### REQUIRED ACTION
Only the lines of the listing below that run from the line with "Police Potion For" through the line with "Durable Rope for" are to be set down, word for word. Pictures stay out.

### DATASET EXTRACT
+++++

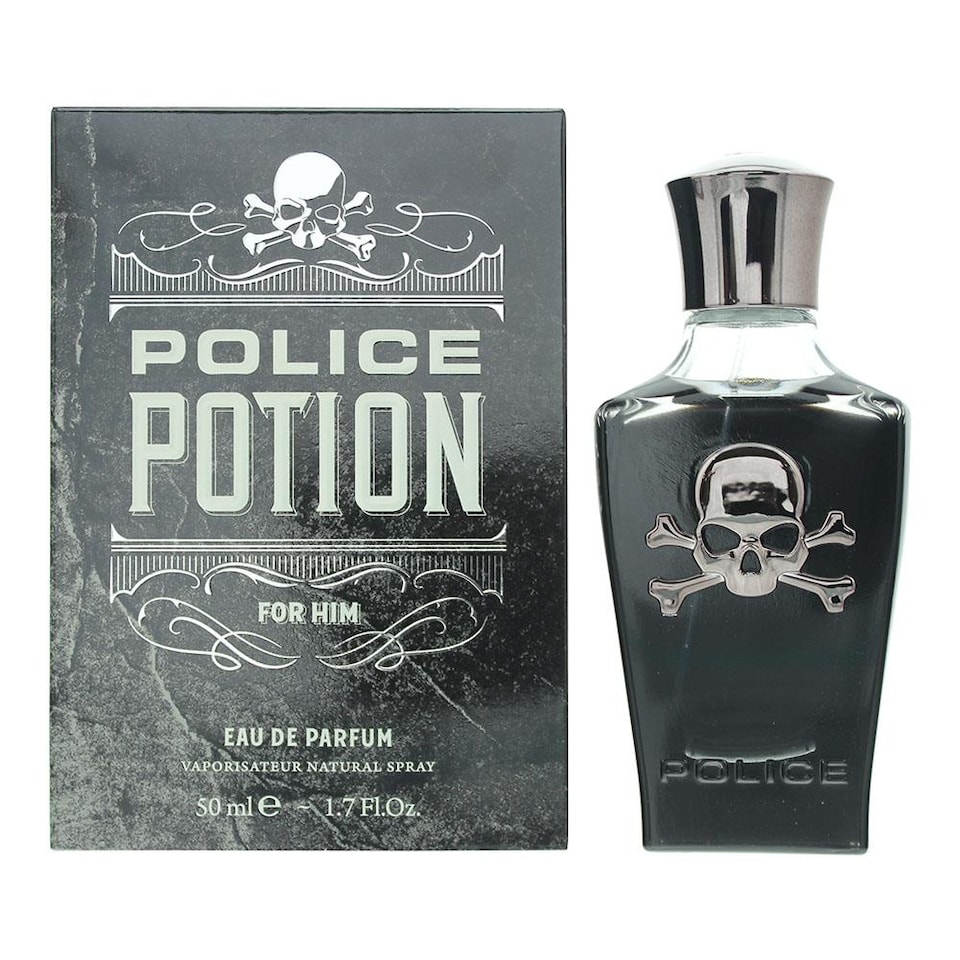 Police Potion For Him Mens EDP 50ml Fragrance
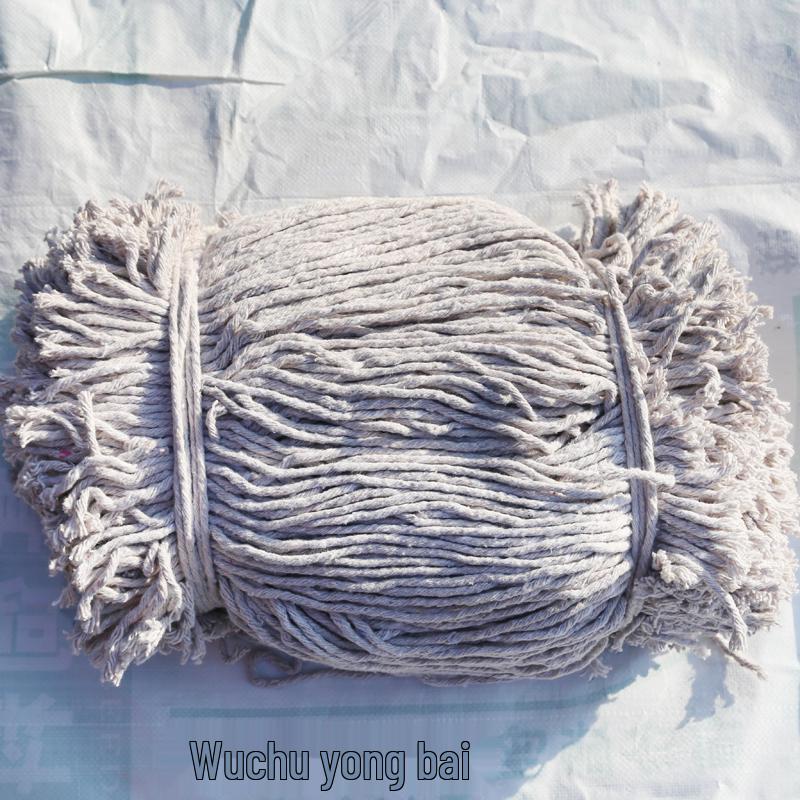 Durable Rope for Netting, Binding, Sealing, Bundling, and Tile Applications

+++++

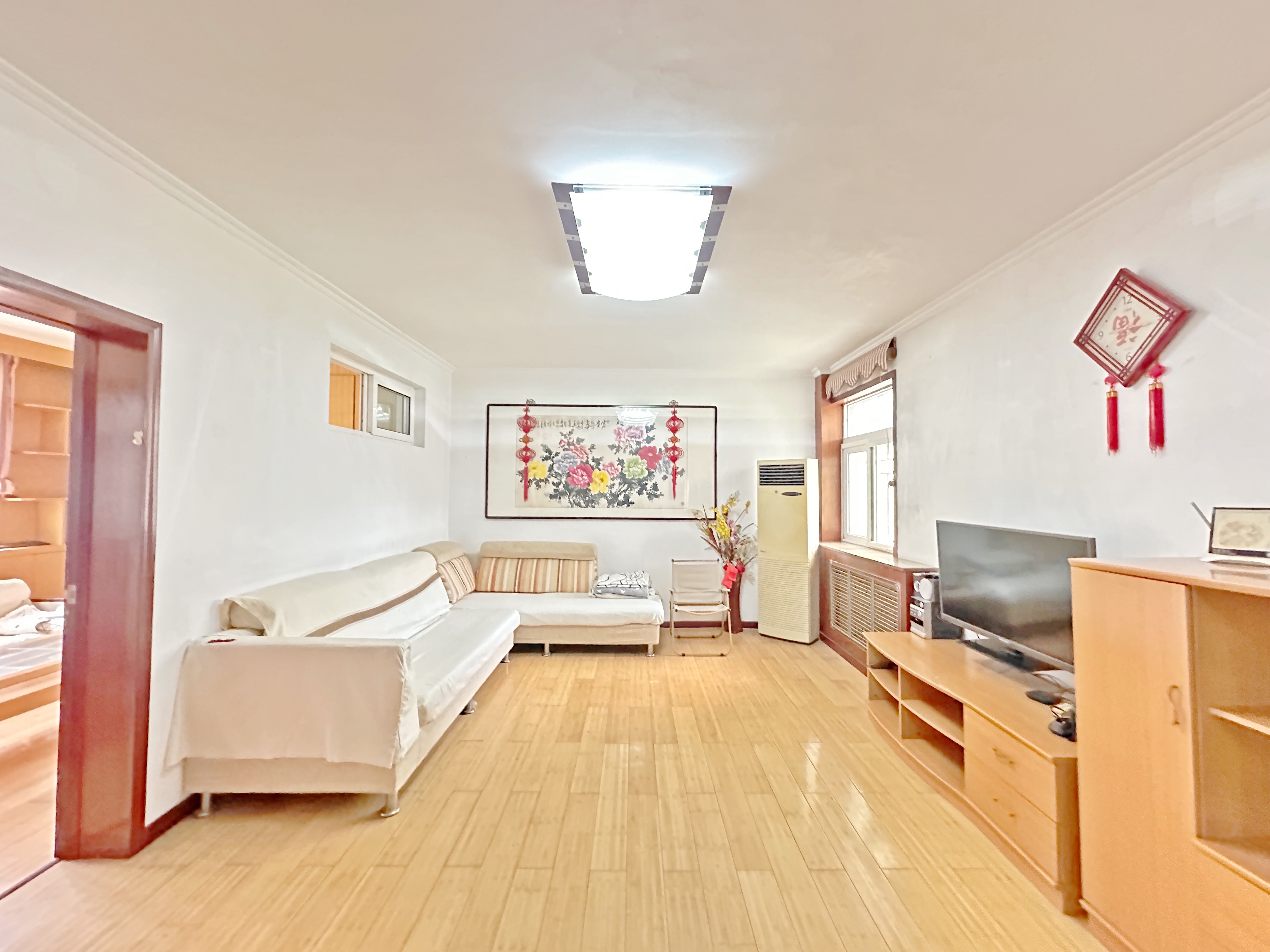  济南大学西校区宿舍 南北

+++++

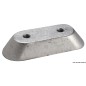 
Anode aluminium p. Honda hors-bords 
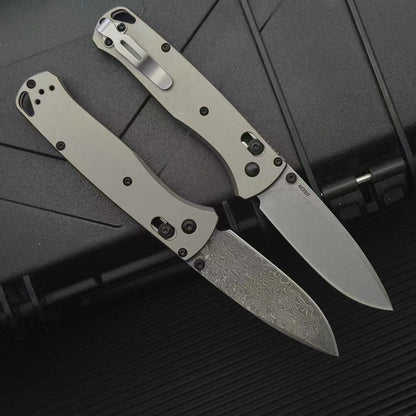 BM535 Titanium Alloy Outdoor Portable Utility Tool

+++++

### TASK RESPONSE
 Police Potion For Him Mens EDP 50ml Fragrance
 Durable Rope for Netting, Binding, Sealing, Bundling, and Tile Applications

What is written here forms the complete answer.